Extract the records below word for word and ignore the images.

Image-caption web data:
***
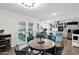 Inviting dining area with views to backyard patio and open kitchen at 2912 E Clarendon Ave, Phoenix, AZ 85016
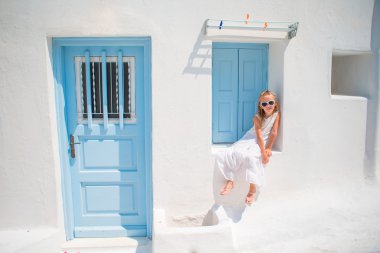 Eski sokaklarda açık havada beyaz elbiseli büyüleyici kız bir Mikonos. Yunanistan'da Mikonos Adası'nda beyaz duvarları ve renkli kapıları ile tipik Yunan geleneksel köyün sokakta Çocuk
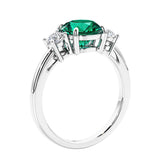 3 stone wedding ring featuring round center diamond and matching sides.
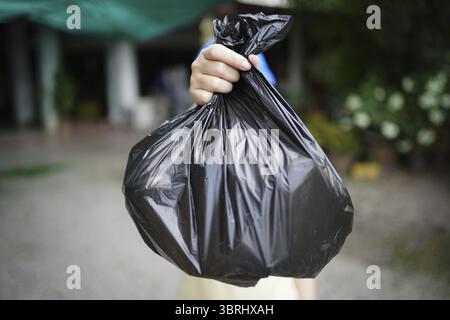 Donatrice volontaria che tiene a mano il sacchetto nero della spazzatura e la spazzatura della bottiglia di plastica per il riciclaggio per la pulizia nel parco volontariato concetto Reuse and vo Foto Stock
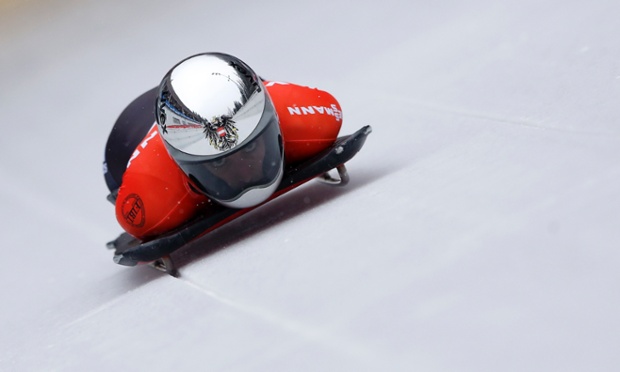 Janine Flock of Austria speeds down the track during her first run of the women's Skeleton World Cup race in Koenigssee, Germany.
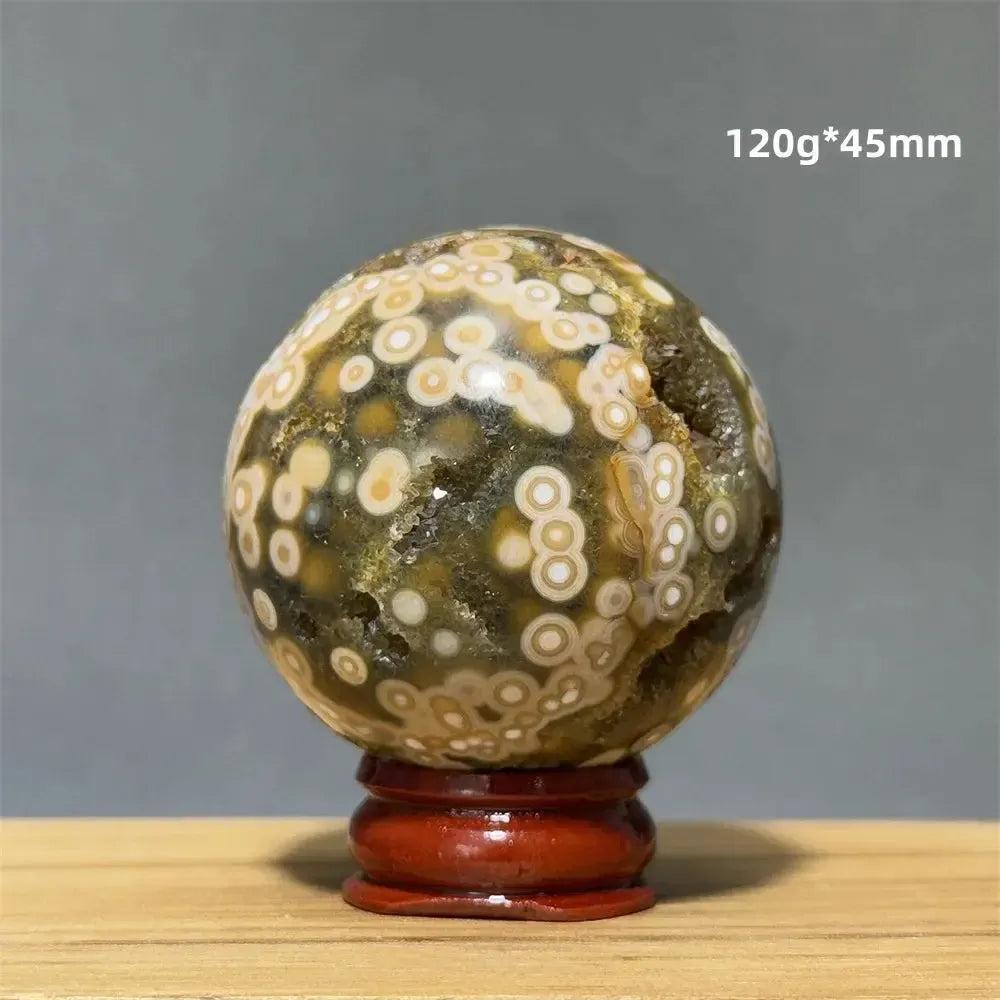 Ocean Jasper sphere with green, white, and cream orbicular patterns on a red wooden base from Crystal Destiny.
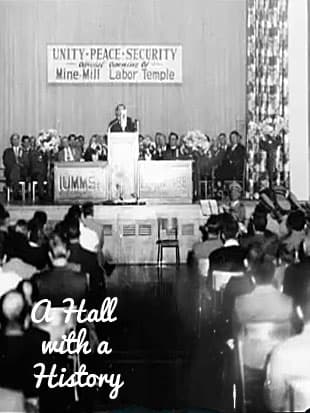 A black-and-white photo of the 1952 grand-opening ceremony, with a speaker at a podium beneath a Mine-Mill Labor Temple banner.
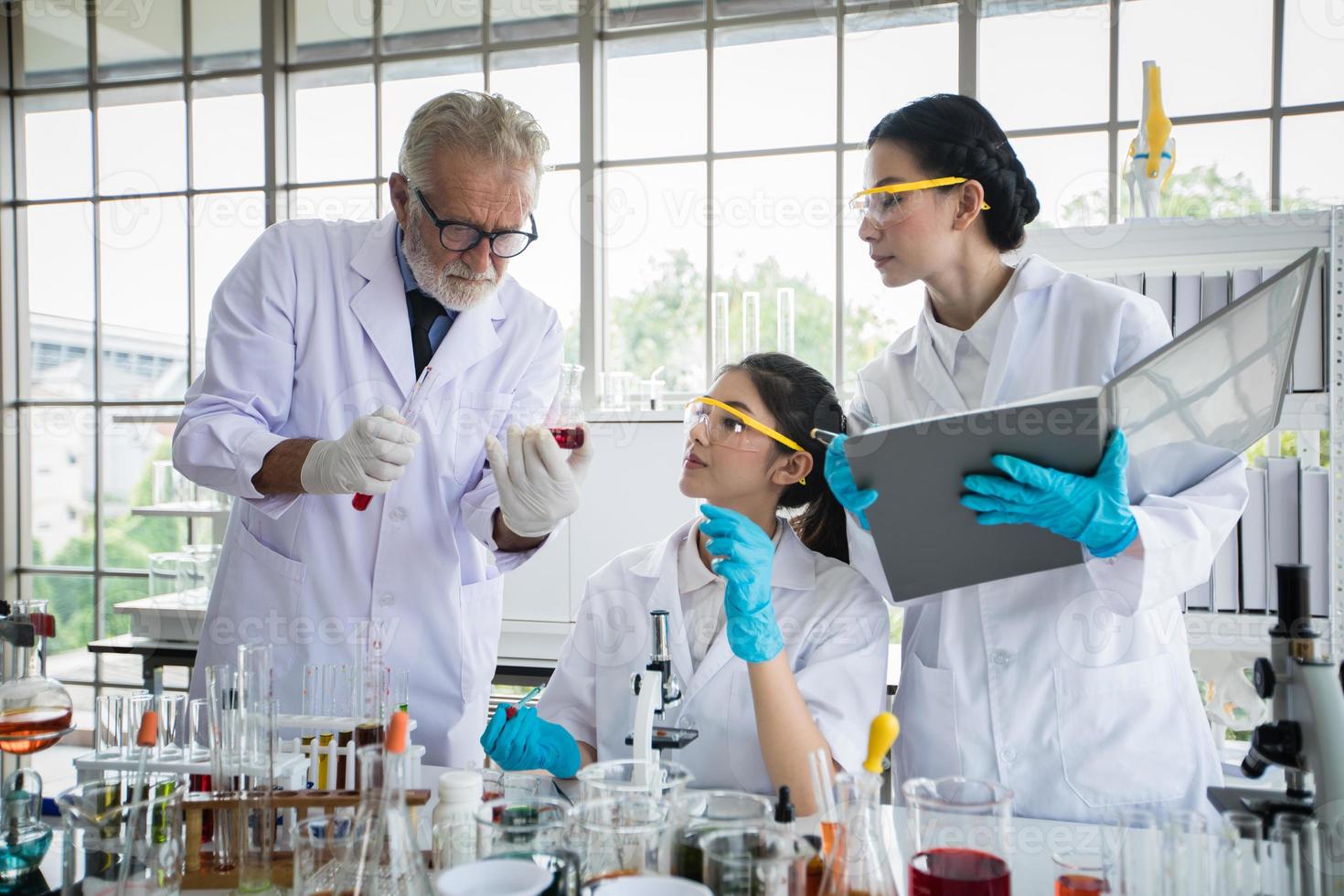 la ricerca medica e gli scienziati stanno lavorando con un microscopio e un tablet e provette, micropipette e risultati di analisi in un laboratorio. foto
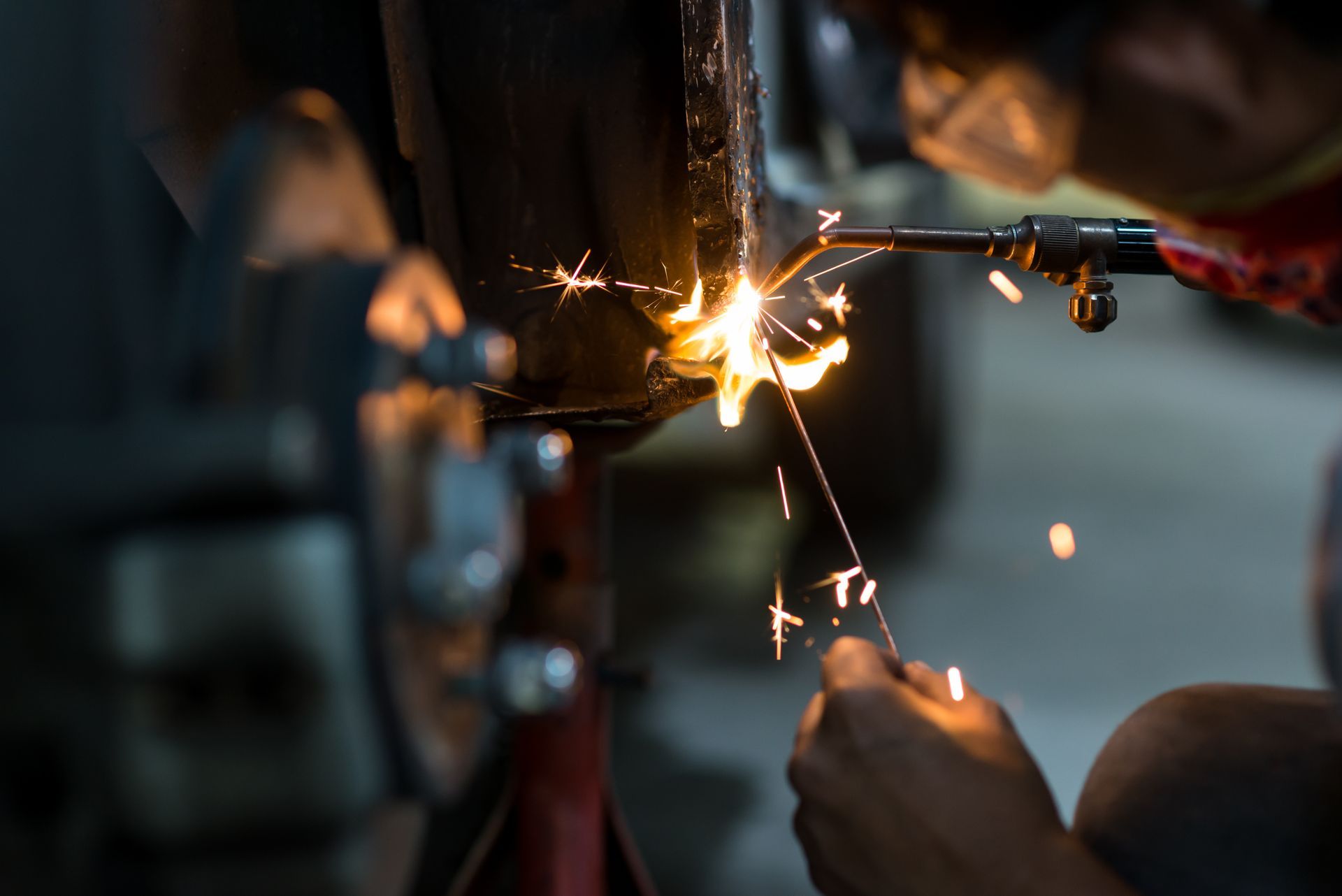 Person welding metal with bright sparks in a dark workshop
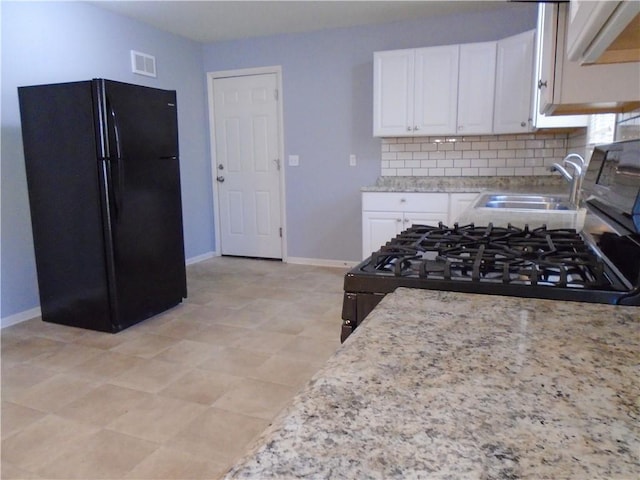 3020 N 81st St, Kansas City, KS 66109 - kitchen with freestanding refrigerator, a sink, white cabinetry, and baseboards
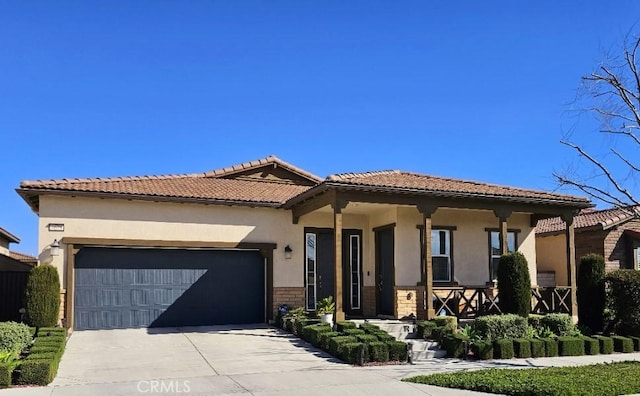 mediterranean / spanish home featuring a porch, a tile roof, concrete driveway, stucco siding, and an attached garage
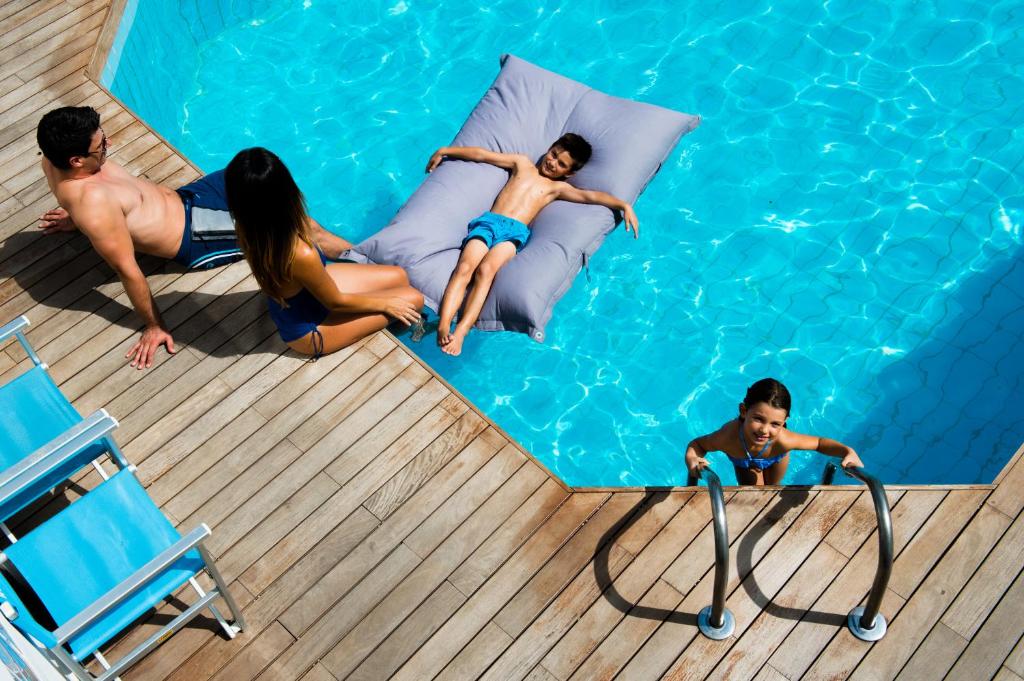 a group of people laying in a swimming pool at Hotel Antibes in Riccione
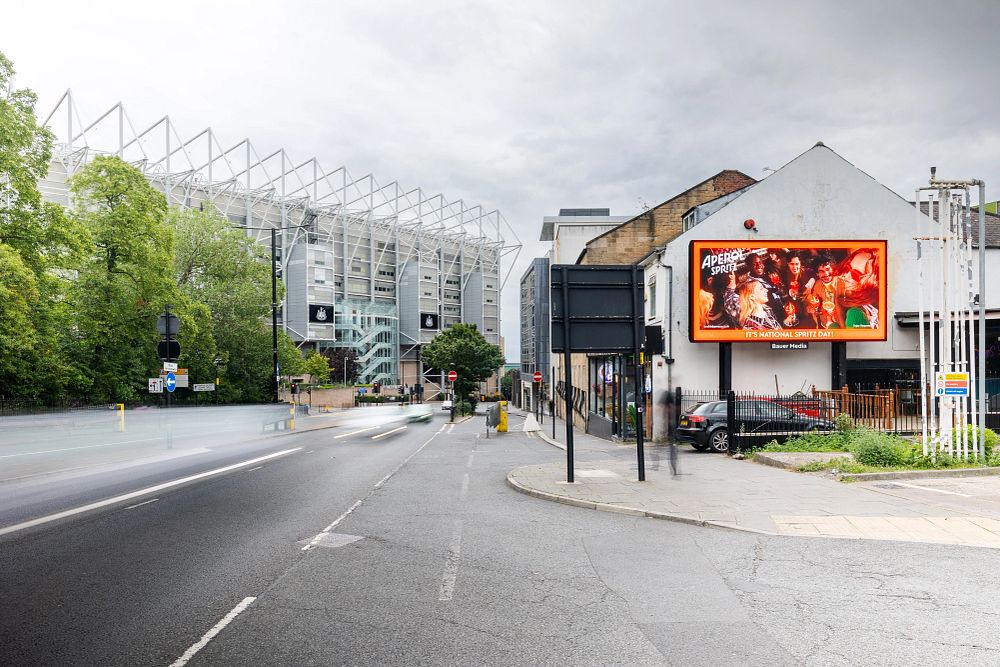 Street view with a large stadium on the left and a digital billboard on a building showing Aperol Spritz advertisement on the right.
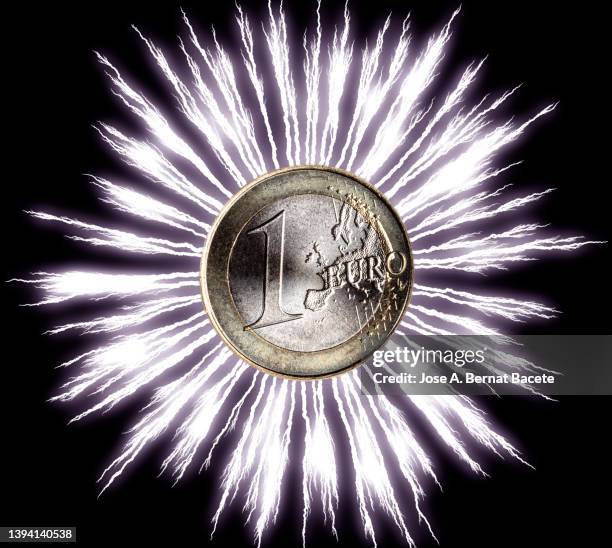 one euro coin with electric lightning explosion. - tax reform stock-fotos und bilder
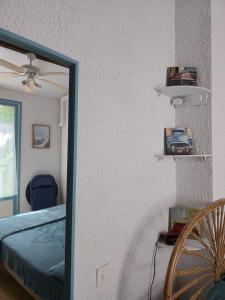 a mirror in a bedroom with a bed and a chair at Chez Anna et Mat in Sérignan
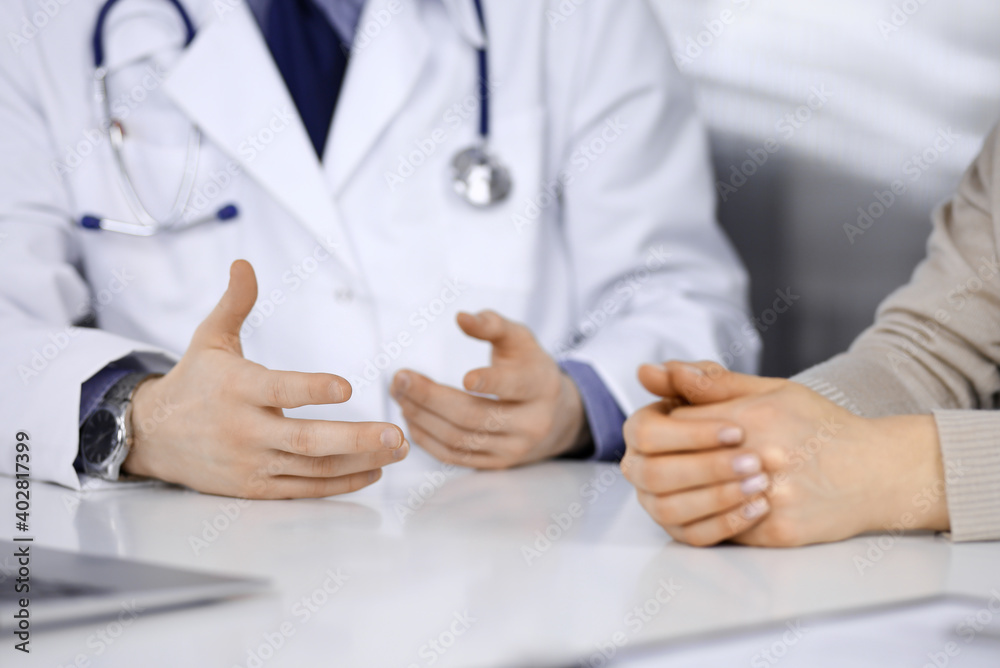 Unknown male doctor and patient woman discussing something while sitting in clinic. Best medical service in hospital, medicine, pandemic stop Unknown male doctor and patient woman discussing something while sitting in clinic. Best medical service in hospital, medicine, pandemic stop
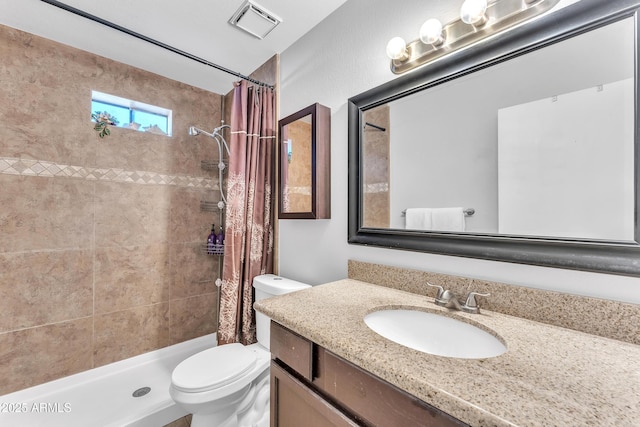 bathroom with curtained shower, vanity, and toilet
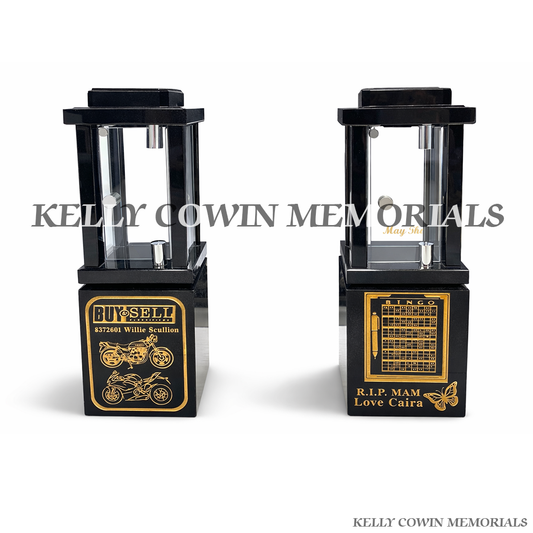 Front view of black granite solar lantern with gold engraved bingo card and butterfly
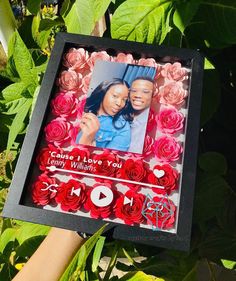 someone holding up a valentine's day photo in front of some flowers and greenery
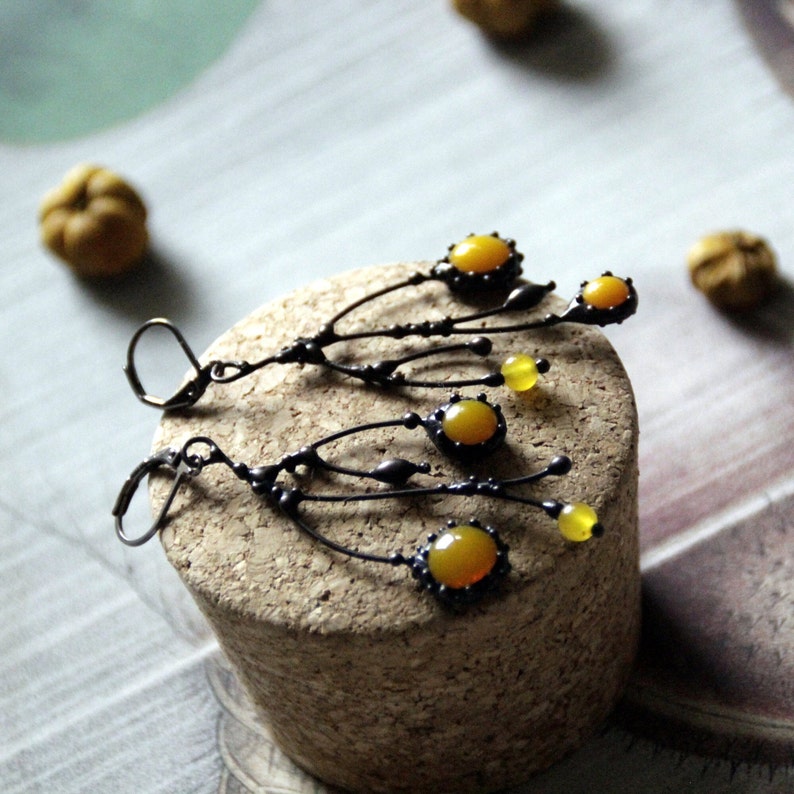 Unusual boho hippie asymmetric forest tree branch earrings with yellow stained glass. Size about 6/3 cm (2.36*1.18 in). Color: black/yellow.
***
Answer area ▸
 Inviting dining area with views to backyard patio and open kitchen at 2912 E Clarendon Ave, Phoenix, AZ 85016
 Eski sokaklarda açık havada beyaz elbiseli büyüleyici kız bir Mikonos. Yunanistan'da Mikonos Adası'nda beyaz duvarları ve renkli kapıları ile tipik Yunan geleneksel köyün sokakta Çocuk
 3 stone wedding ring featuring round center diamond and matching sides.
 Donatrice volontaria che tiene a mano il sacchetto nero della spazzatura e la spazzatura della bottiglia di plastica per il riciclaggio per la pulizia nel parco volontariato concetto Reuse and vo Foto Stock
 Janine Flock of Austria speeds down the track during her first run of the women's Skeleton World Cup race in Koenigssee, Germany.
 Ocean Jasper sphere with green, white, and cream orbicular patterns on a red wooden base from Crystal Destiny.
 A black-and-white photo of the 1952 grand-opening ceremony, with a speaker at a podium beneath a Mine-Mill Labor Temple banner.
 la ricerca medica e gli scienziati stanno lavorando con un microscopio e un tablet e provette, micropipette e risultati di analisi in un laboratorio. foto
 Person welding metal with bright sparks in a dark workshop
 3020 N 81st St, Kansas City, KS 66109 - kitchen with freestanding refrigerator, a sink, white cabinetry, and baseboards
 mediterranean / spanish home featuring a porch, a tile roof, concrete driveway, stucco siding, and an attached garage
 a group of people laying in a swimming pool at Hotel Antibes in Riccione
 Street view with a large stadium on the left and a digital billboard on a building showing Aperol Spritz advertisement on the right.
 one euro coin with electric lightning explosion. - tax reform stock-fotos und bilder
 a mirror in a bedroom with a bed and a chair at Chez Anna et Mat in Sérignan
 Unknown male doctor and patient woman discussing something while sitting in clinic. Best medical service in hospital, medicine, pandemic stop Unknown male doctor and patient woman discussing something while sitting in clinic. Best medical service in hospital, medicine, pandemic stop
 bathroom with curtained shower, vanity, and toilet
 Front view of black granite solar lantern with gold engraved bingo card and butterfly
 someone holding up a valentine's day photo in front of some flowers and greenery
 Unusual boho hippie asymmetric forest tree branch earrings with yellow stained glass. Size about 6/3 cm (2.36*1.18 in). Color: black/yellow.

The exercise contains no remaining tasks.